The vacuum cleaner industry was still going strong in the United States with the formation of the Vacuum Cleaner Manufacturer’s Association in 1919. James Murray Spangler from the U.S. is credited with inventing the first practical vacuum cleaner that was portable. In 1907, Spangler came up with a device that used a box, an electric fan, and a pillowcase. His design also included a brush that rotated to loosen up dirt. A year later, Spangler sold his design because he did not have the money to manufacture his machines. He sold it to a relative, William Henry Hoover. Hoover improved upon his design by adding a steel casing and attachments.

That was the beginning of vacuum cleaner giant. Hoover started out as the Electric Suction Sweeper Company and has been a leading producer of household goods, including vacuum cleaners, for decades. Hoover profited immensely from the vacuum cleaner and the name has become synonymous with the device. In the U.S. Hoover was part of the Whirlpool Corporation, and it has been one of the few companies to implement the latest technology into their vacuum designs. Their first model was the Model O in 1908 and which sold for $60. Other popular models of Hoovers include the Model 29, the Veriflex, and the Dial-A-Matic. Hoover has created everything from steam vacuums and upright vacuums to hovercraft vacuums.

Despite the leaps and bounds of technology in vacuum cleaners, the devices remained a luxury item. It was not until after World War II that vacuum cleaners became more accessible to the middle class. Vacuum cleaners have been popular because of the widespread use of carpeting, especially in western countries. The latter half of the twentieth century saw the development of a wide variety of vacuum cleaners. Vacuum cleaners can be found in a variety of styles. Upright vacuum cleaners are popular, and they work on the principle of collecting dirt through both vibration and sweeping. The dirt is collected into a bag or container that can be emptied when full.

Another popular variety of vacuum cleaners, especially in Europe, is the canister or cylinder model. This model has the motor and dust collector in a separate unit and the vacuum head is connected to it by a long hose. These vacuums are mounted on wheels. Not only are they more maneuverable but they are also incredibly flexible. Many commercial cleaners use backpack vacuums in which the operate straps the canister onto his or her back and carries the hose in hand. Handheld vacuums are good for hard-to-reach places and have been around since the late 1970s and early 1980s. Both Black and Decker and Dirt Devil have been leaders in handheld vacuums.

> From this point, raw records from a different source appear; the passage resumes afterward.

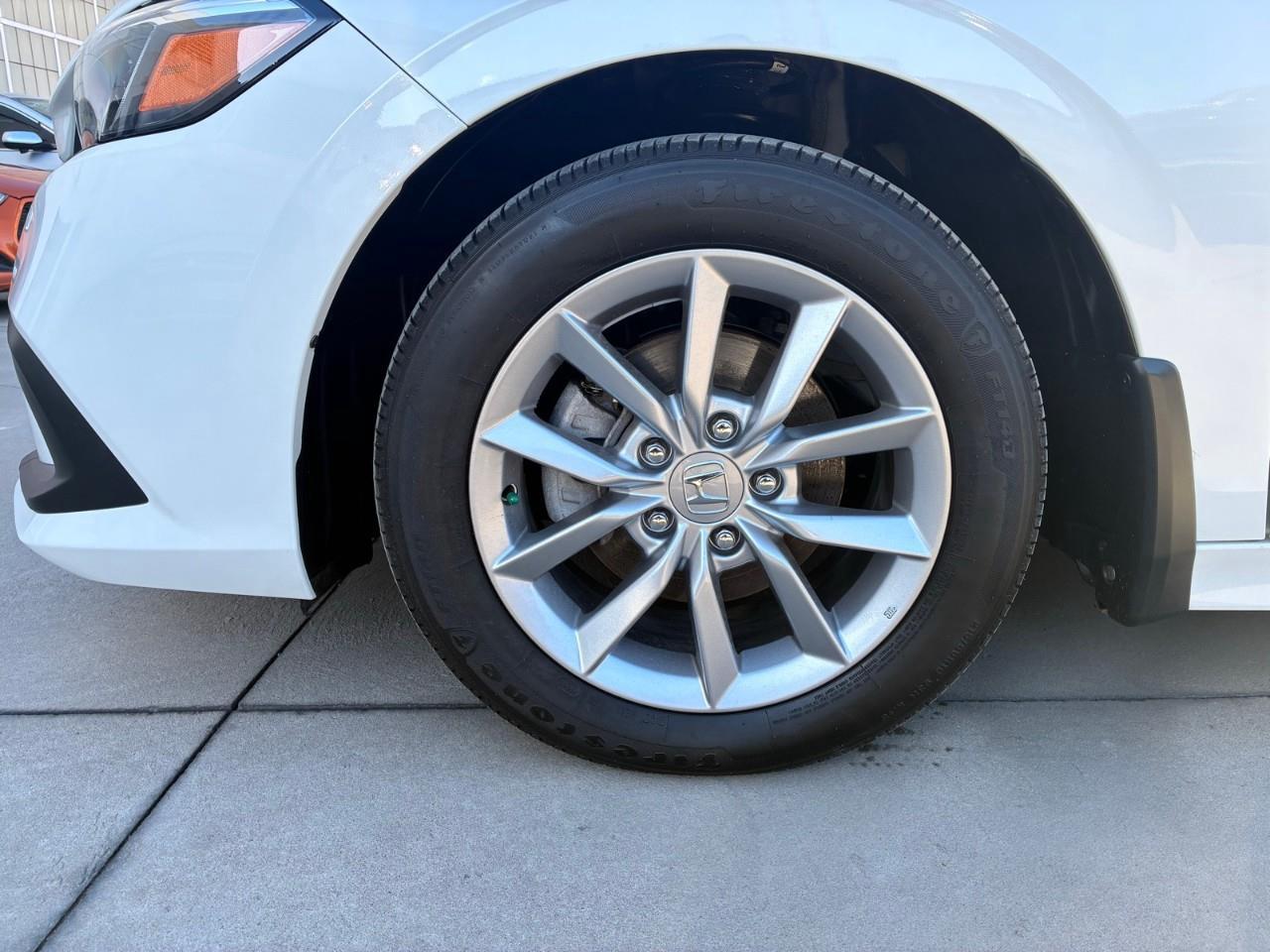 2024 Honda Civic EX 4dr Sedan Photo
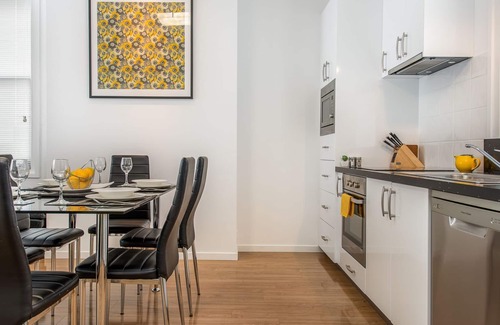 Hobart Central Business District Wohnung | Modernes Apartment in der Innenstadt, 6 Gehminuten zum Geschäftsviertel mit Parkplatz abseits der Straße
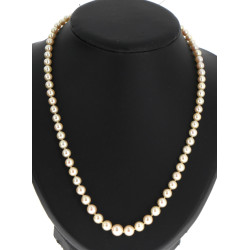 Collier de 71 perles de culture en chute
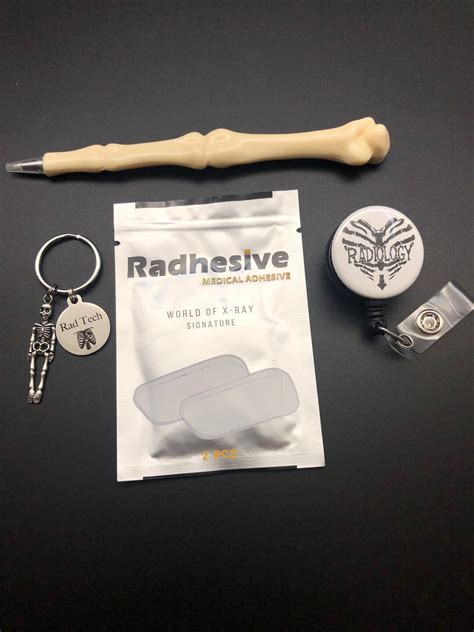 Radiology Technologist T Bundle Rad Tech And Skeleton Keychain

The early twenty-first century has seen the development of robotic vacuums that are self-powered. These devices move back and forth across a floor while they collect dirt and debris into a dustbin. Machines like these from Roomba, Dyson, and Intellibot, are powered by batteries and have to recharge. They can also maneuver around furniture. Vacuum cleaners have come a long way from using bellows to suck up dirt. No matter where vacuum cleaning technology goes from here, they will most likely remain a mainstay of households.